WHAT NEEDS TO BE DONE:
Transcribe the listing underneath, keeping each word exact and omitting the images.
BEGIN INFORMATION SUPPLIED
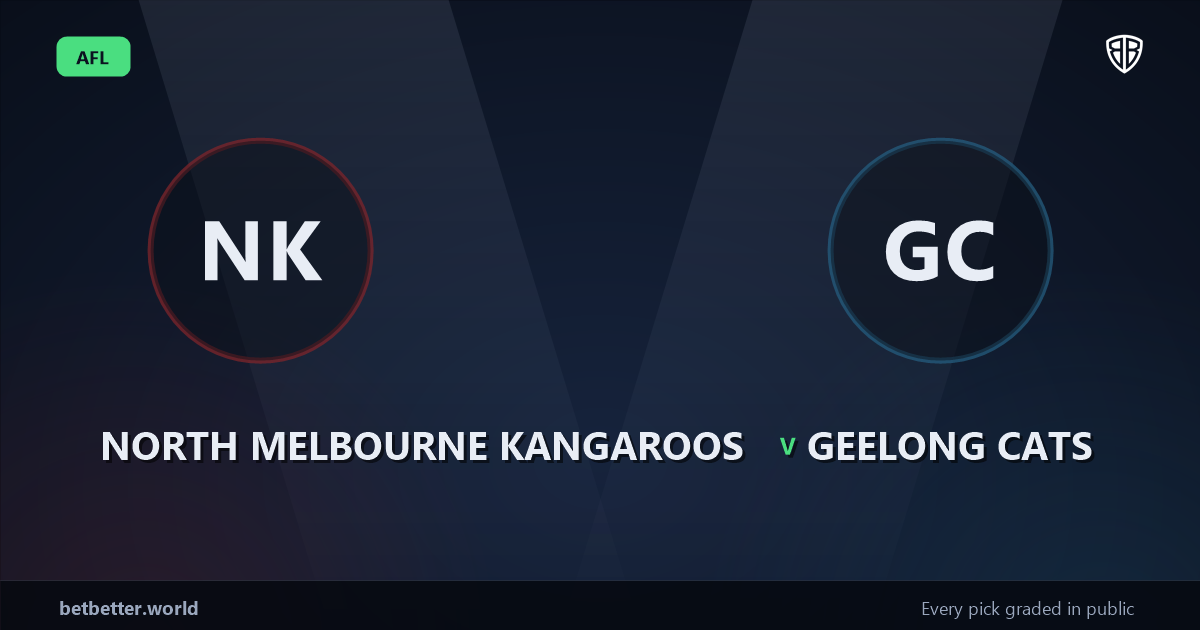 North Melbourne Kangaroos vs Geelong Cats Same Game Multi Tips & Prediction
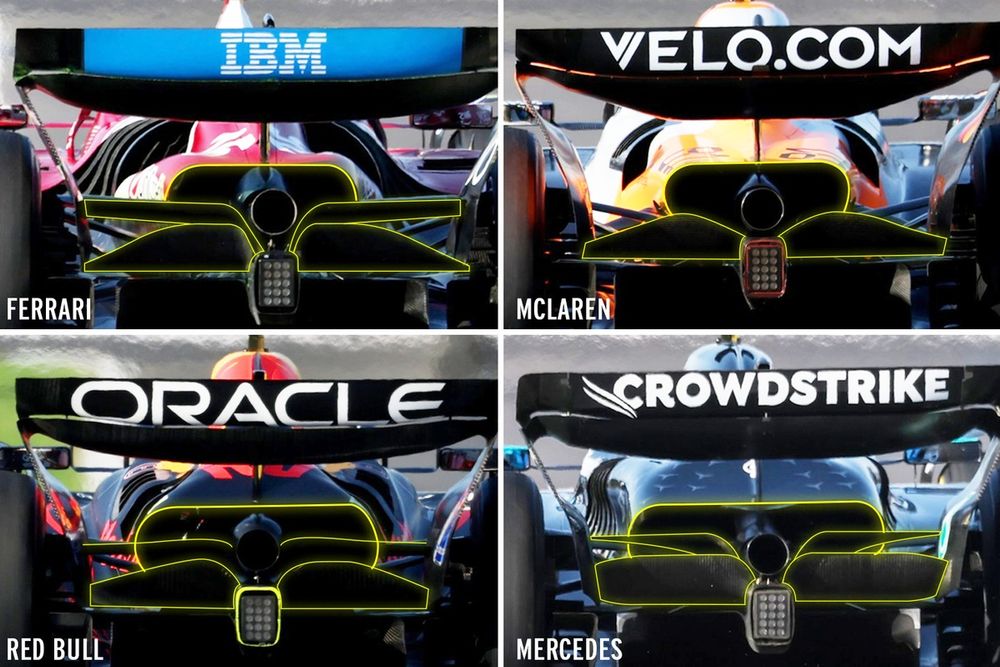 Confronto aperture posteriori e livello delle beam wing in Messico. Si osservi come McLaren e Ferrari abbiano uno sfogo più chiuso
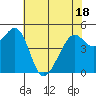 Oakland Middle Harbor tide chart for Sunday, May 18, 2025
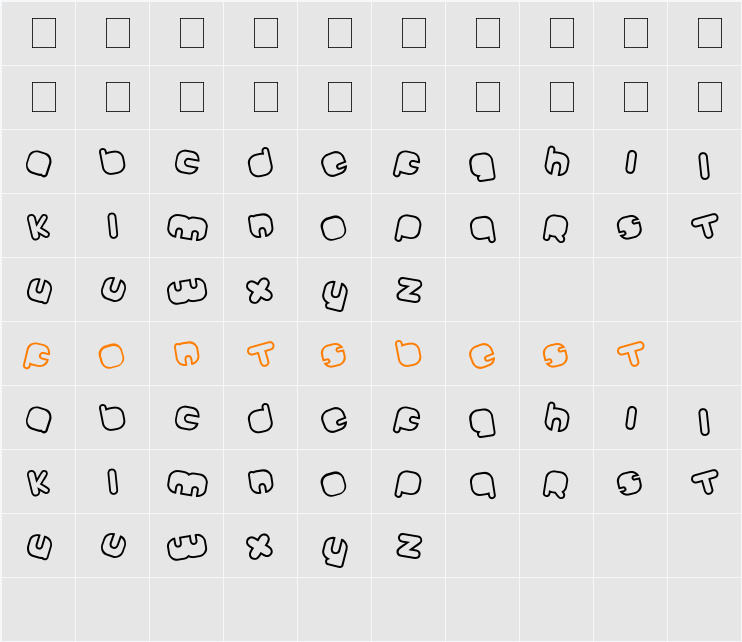 Johanneke Mixed Character Map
END INFORMATION SUPPLIED
ANSWER SPACE:
 North Melbourne Kangaroos vs Geelong Cats Same Game Multi Tips & Prediction
 Confronto aperture posteriori e livello delle beam wing in Messico. Si osservi come McLaren e Ferrari abbiano uno sfogo più chiuso
 Oakland Middle Harbor tide chart for Sunday, May 18, 2025
 Johanneke Mixed Character Map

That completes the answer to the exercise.